- [Data shown]
---------------

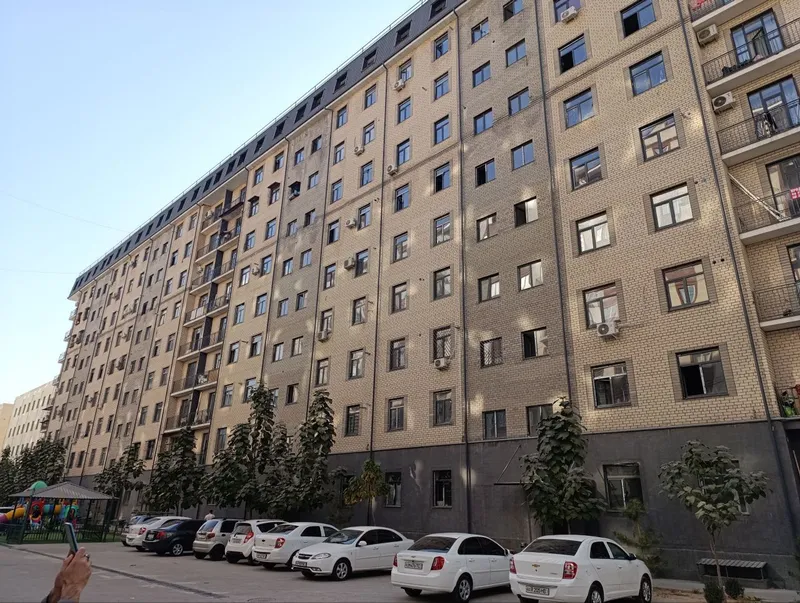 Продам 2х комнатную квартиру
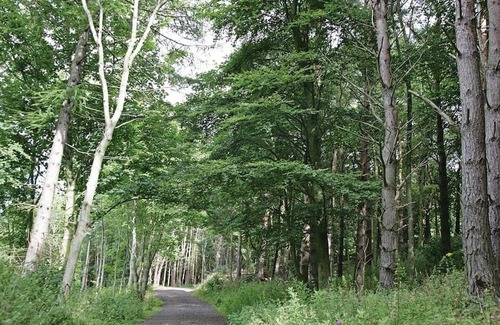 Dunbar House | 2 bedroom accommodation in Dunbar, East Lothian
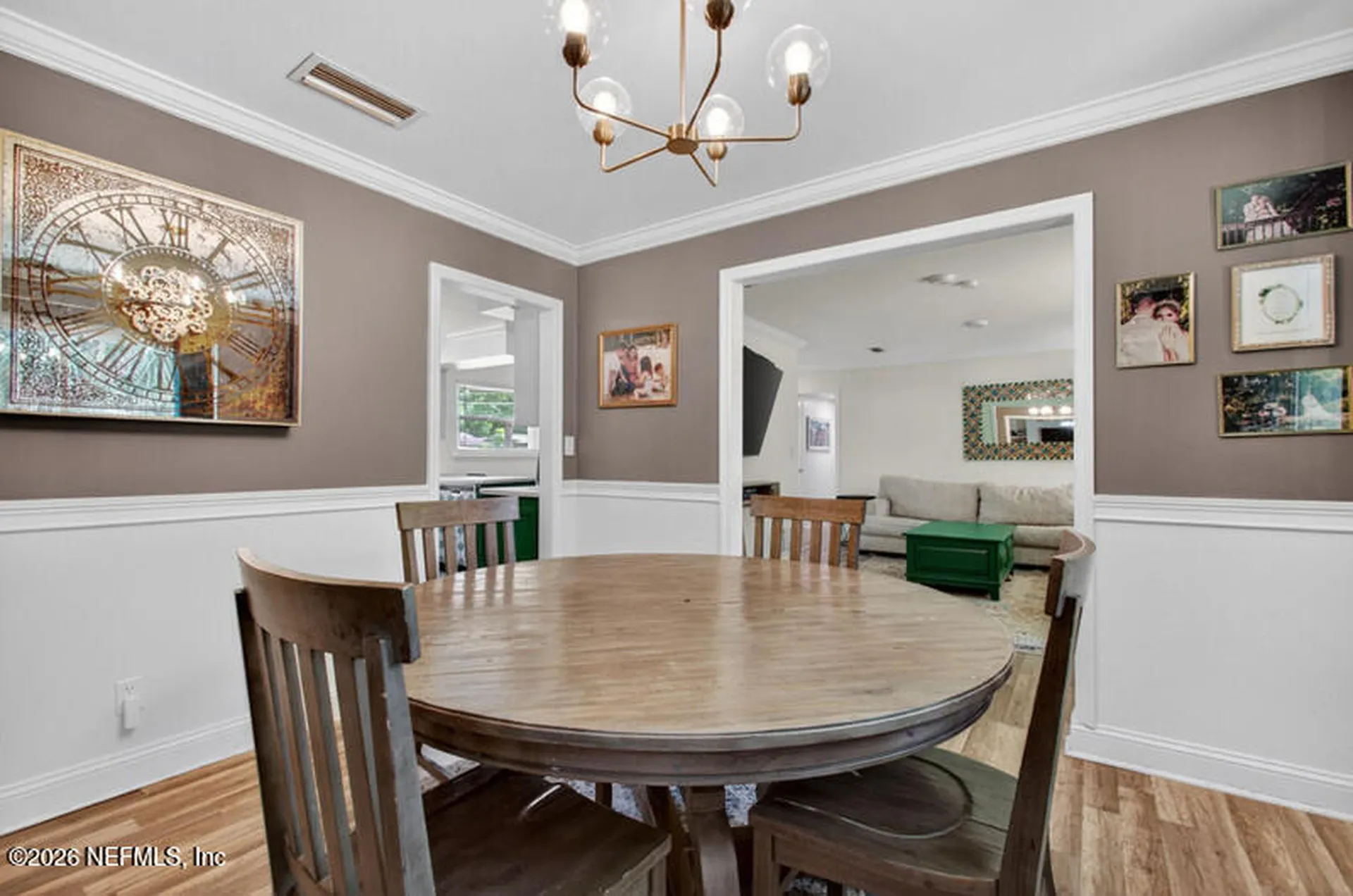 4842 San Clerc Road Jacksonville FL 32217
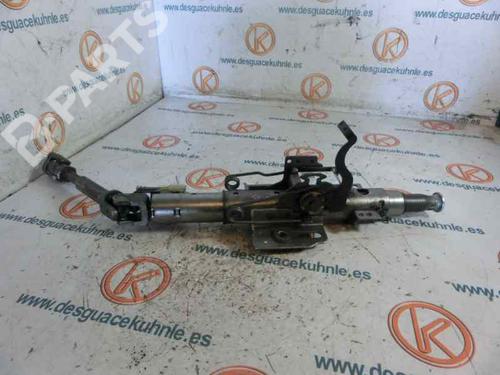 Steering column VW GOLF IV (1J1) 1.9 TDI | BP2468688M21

---------------

- [Task goal] The answer should consist of every line above, exact and free of images.

- [Answer to this problem]
 Продам 2х комнатную квартиру
 Dunbar House | 2 bedroom accommodation in Dunbar, East Lothian
 4842 San Clerc Road Jacksonville FL 32217
 Steering column VW GOLF IV (1J1) 1.9 TDI | BP2468688M21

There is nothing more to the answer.